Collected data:
.....

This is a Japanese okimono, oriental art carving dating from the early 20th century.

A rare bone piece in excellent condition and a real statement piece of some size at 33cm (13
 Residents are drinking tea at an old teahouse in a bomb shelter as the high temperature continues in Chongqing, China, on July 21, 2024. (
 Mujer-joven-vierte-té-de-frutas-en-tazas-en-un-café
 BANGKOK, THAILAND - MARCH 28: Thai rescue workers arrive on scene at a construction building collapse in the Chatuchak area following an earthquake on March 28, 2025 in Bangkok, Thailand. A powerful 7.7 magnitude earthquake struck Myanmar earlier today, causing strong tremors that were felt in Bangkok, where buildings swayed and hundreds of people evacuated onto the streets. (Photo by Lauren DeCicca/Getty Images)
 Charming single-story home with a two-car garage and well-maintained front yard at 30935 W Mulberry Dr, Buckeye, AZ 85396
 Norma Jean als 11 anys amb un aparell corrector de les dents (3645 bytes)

.....

Aim of the exercise: The answer must be every entry, reproduced exactly.

Result of this exercise:
This is a Japanese okimono, oriental art carving dating from the early 20th century.

A rare bone piece in excellent condition and a real statement piece of some size at 33cm (13
 Residents are drinking tea at an old teahouse in a bomb shelter as the high temperature continues in Chongqing, China, on July 21, 2024. (
 Mujer-joven-vierte-té-de-frutas-en-tazas-en-un-café
 BANGKOK, THAILAND - MARCH 28: Thai rescue workers arrive on scene at a construction building collapse in the Chatuchak area following an earthquake on March 28, 2025 in Bangkok, Thailand. A powerful 7.7 magnitude earthquake struck Myanmar earlier today, causing strong tremors that were felt in Bangkok, where buildings swayed and hundreds of people evacuated onto the streets. (Photo by Lauren DeCicca/Getty Images)
 Charming single-story home with a two-car garage and well-maintained front yard at 30935 W Mulberry Dr, Buckeye, AZ 85396
 Norma Jean als 11 anys amb un aparell corrector de les dents (3645 bytes)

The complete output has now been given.